Я улыбнулся. Эти слова я ждал десять лет — со времён, когда впервые взглянул на руины сожжённых деревень под Орлом, на голодные бунты, на хаос 17-го, что почти был, но не стал.
- Вы получите финансирование. Но с условием: каждая лаборатория — рядом с учебным заведением. Прогресс должен идти рука об руку с воспитанием.
- Конечно, Ваше Величество, — поклонился Ландау.

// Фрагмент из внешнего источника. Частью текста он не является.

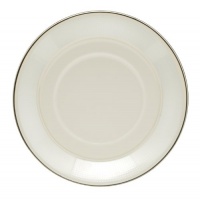 Monique Lhuillier for Royal Doulton Modern Love Tea Saucer Monique Lhuillier for Royal Doulton Modern Love Tea Saucer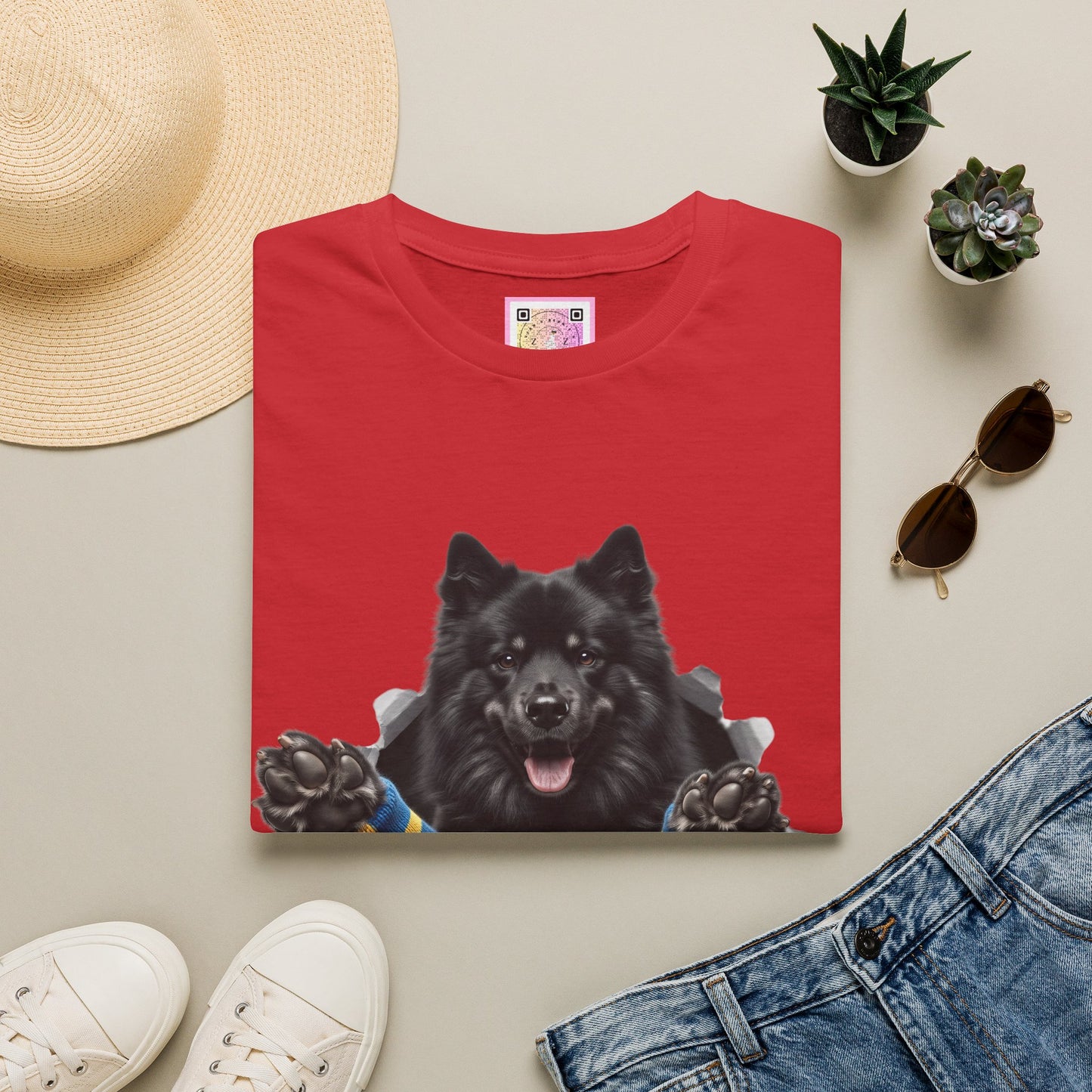 Swedish Lapphund Tee Shirt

Пока в Европе восстанавливали города, а в Америке — надували биржевые пузыри, Россия начала строить свою альтернативу: не за счёт банкиров, а за счёт знаний. Индустриальные училища стали нормой. Сельские школы — точками роста. Академии — кузницами кадров, где рядом учились сын графа и дочь кузнеца.
Именно в это время появилась фраза, вошедшая в летопись:
«Наука — это кровь Империи, прогресс — её кости, а воля — сердце».
Но прогресс пугал и врагов, и старую элиту. Одни видели в нём угрозу своему господству, другие — крах привычного уклада. Слухи о «механических людях», «учёных-заговорщиках» и «машинах для слежки» стали распространяться в провинциях быстрее, чем телеграф. Я понимал — впереди придётся вести не только внешнюю политику и экономику. Предстояла борьба за умы. За принятие новой эпохи. Эпохи, где знания становятся оружием, а инженер — героем. Империя вступала в век, где пар и электричество больше значили, чем пушки. А будущее ковалось не в тени заговоров, а в шуме лабораторий.
Томск, декабрь 1923 года.
Здание нового Сибирского научного центра, залитое электрическим светом, возвышалось над городом, как маяк грядущей эпохи. В лаборатории второго этажа, окружённый пробирками, проводами и свёртками чертежей, работал молодой инженер Алексей Журавлёв. Его проект — автономная пароэлектрическая установка для отдалённых деревень — стал символом новой парадигмы: наука не для столицы, а для окраин.